Science Nugget: June 05, 1998

X-ray bright points (XBPs) were first observed in rocket X-ray telescope images in 1969 by the AS&E group. They are small, compact, magnetically bipolar regions and are found in great numbers. These rockets and the Skylab mission permitted studies of the behavior of the XBP population as a function of time, and Davis (1983) found an anticorrelation between the XBP numbers and the sunspot number; however, Strong and Harvey noted that the XBPs detected by Yohkoh did not show such an effect.

In order to study this and other questions relating to the nature of XBPs, K. Nakakubo (Master's thesis, Gakugei Daigaku) has created software capable of finding XBPs in Yohkoh images automatically, taking into account the statistical significance of the bright-point detection and its morphology. This work was directed by H. Hara of the National Astronomical Observatory of Japan. An illustration of the results appears in the image below (click to enlarge).

 
 

The images on the left side of the figure above show SXT images from different times, and the images on the right have the automatically-detected XBP locations superimposed as contours. The plot at the bottom shows the counts vs time, with dotted lines showing the times of the images above; the images with large coronal bright regions have fewer XBP counts.

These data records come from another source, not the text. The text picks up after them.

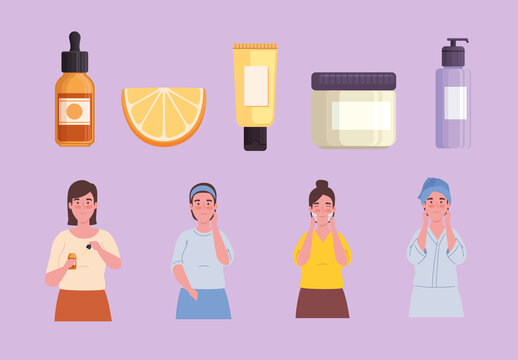 Skincare Routine Illustration Set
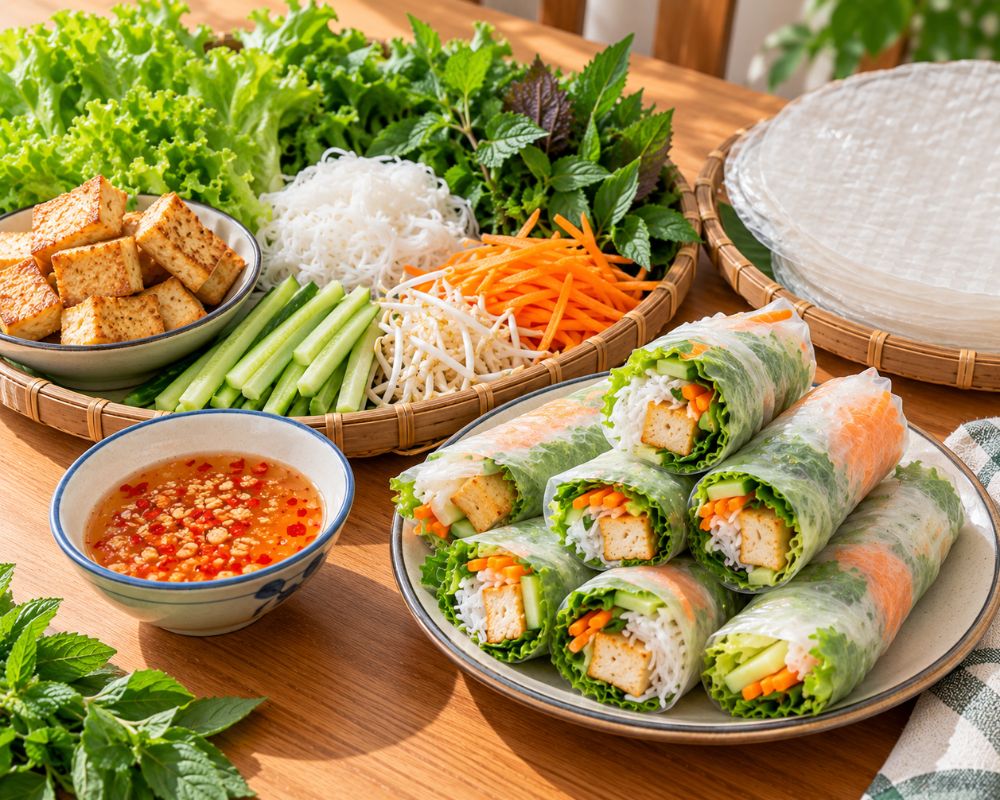 Cuốn tươi giòn ngon, chấm sốt đậm đà.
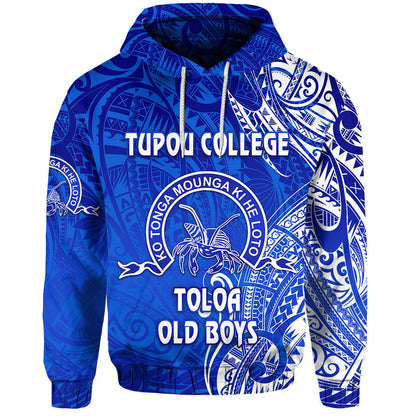 Custom Text Tonga Tupou College Hoodie Toloa Old Boys Simple Vibes Blue, Custom Text And Number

In its first application, this software has been used to study the time variation of XBP numbers across a good fraction of the solar cycle. The figure below illustrates this:

 
 

Here the (numerous) points identified with dots represent the XBP counts from 1993 onwards, with no corrections for sensitivity. The dotted line shows the sunspot number, which clearly has a drastically different time variation. The explanation of the number variation can be found in the histograms of XBP counts, as shown below:

 
 

The histograms on the left represent XBP brightnesses, while those on the right show the background signal level. The dotted lines (showing the 1993 histograms) can be compared with the histograms for subsequent years, and one can see that as the background gets higher, the faint XBPs become less visible. The XBP brightness histogram does not vary appreciably at the bright end of the range. The actual observed variability of the XBP number therefore probably can be explained by the variation in sensitive area on the disk - it is simply harder to see XBPs projected against brighter regions. This is the explanation put forward by Strong and Harvey. These results now confirm this quantitatively, and we will be able to do many other things with the automatically generated XBP statistics. We speculate that the very different behavior of XBPs and active regions suggests fundamentally different sources of magnetism - a "photospheric dynamo" for the XBPs, and a deep-seated traditional dynamo for the ARs. In this picture the XBPs result from swept-up weak field, reconnecting impulsively in the network boundaries and vertices, whereas the active-region field (including the "active network") results directly from emerging flux generated deep in the convection zone.